Die Anführerin der roten Amazonen will den Waltras unbedingt zum Leben erwecken. Jede gute Beschwörung hat ihre Regeln. Hier sind drei Dolche nötig, um das Ritual zu vollziehen. Wer diese in das Herz des Wesens stößt, erweckt es nicht nur, der Waltras muss ihm auch zu Diensten sein und gehorchen. Ein unvorhergesehener Zwischenfall macht die Pläne beider Seiten zunichte. Eine dritte Partei mischt sich ein. Das Ritual wird vollzogen, doch die Königin der roten Amazonen wird schwer verletzt und ist bewusstlos. Wer soll dem Waltras, der mehr und mehr wächst, jetzt noch Einhalt gebieten?
Die zweite und abschließende Episode um die Erweckung des Waltras könnte für Marlysa das Ende bedeuten. Denn ein Gift breitet sich in ihrem Organismus aus. Nur das Gegengift könnte sie retten, aber um es zu bekommen, muss die Mission erfüllt werden. Ob Dormunt, ihr Auftraggeber wider Willen, ihr danach das Gegengift geben wird, ist allerdings fraglich.
Jean-Charles Gaudin, der Autor, macht es seiner Heldin nicht leicht. Sicherlich ist sie gewitzt wie immer, sie besticht durch Charme und Aussehen, ihre kämpferischen Eigenschaften stehen außer Frage, trotzdem hat es den Anschein, als habe Marlysa ihre bisherigen Abenteuer zu leicht bewältigen können.

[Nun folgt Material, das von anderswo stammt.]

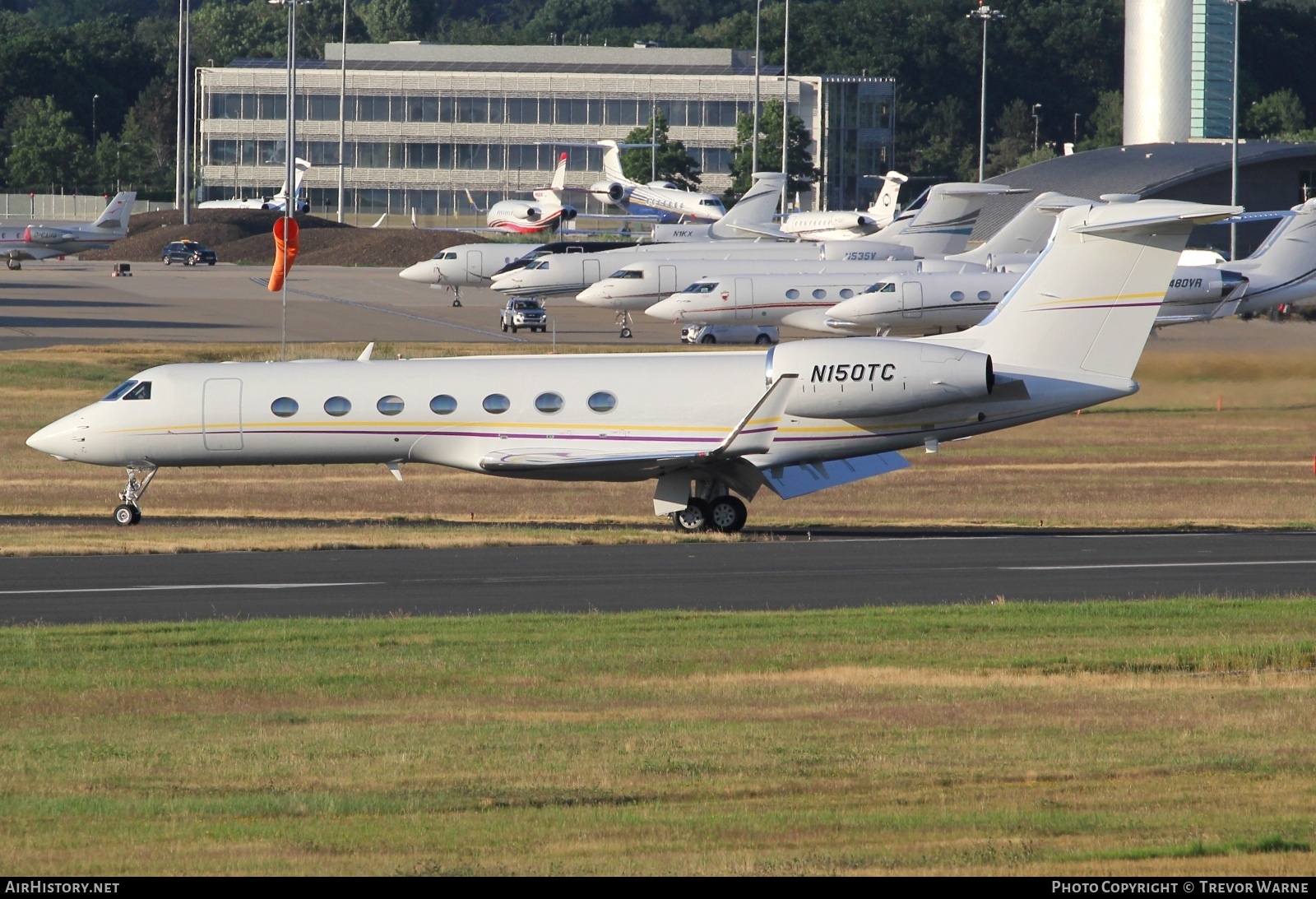 Aircraft Photo of N150TC | Gulfstream Aerospace G-V-SP Gulfstream G550 | AirHistory.net #581507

Gaudin rollt ihr in dieser Geschichte – sinnbildlich gesprochen – einen immer größeren Stein in den Weg, der unter größten Mühen bewältigt werden will.
Der größte dieser Steine ist natürlich der namensgebende Waltras. Für dieses Wesen, dessen äußere Erscheinung sich in diesem Band enthüllt, mussten sich Gaudin und der Zeichner Jean-Pierre Danard etwas Besonderes einfallen lassen. Bei seiner Geburt entsteht aus dem Herzen des Waltras zunächst eine Art Übergangsform, wie sie der Leser vielleicht aus Schockern wie Das Ding aus einer anderen Welt (die John Carpenter-Variante) her kennt. Im weiteren Verlauf, dem sehr schnellen Wachstum, wird aus dieser blutigen Monströsität ein schwarzes muskulöses Wesen auf vier Beinen. Auf den ersten Blick erinnert er an einen Werpanther. Auf den zweiten Blick fallen die zusätzlichen Extremitäten auf dem Rücken des Wesens auf, den Fangarmen eines Kraken ähnelnd.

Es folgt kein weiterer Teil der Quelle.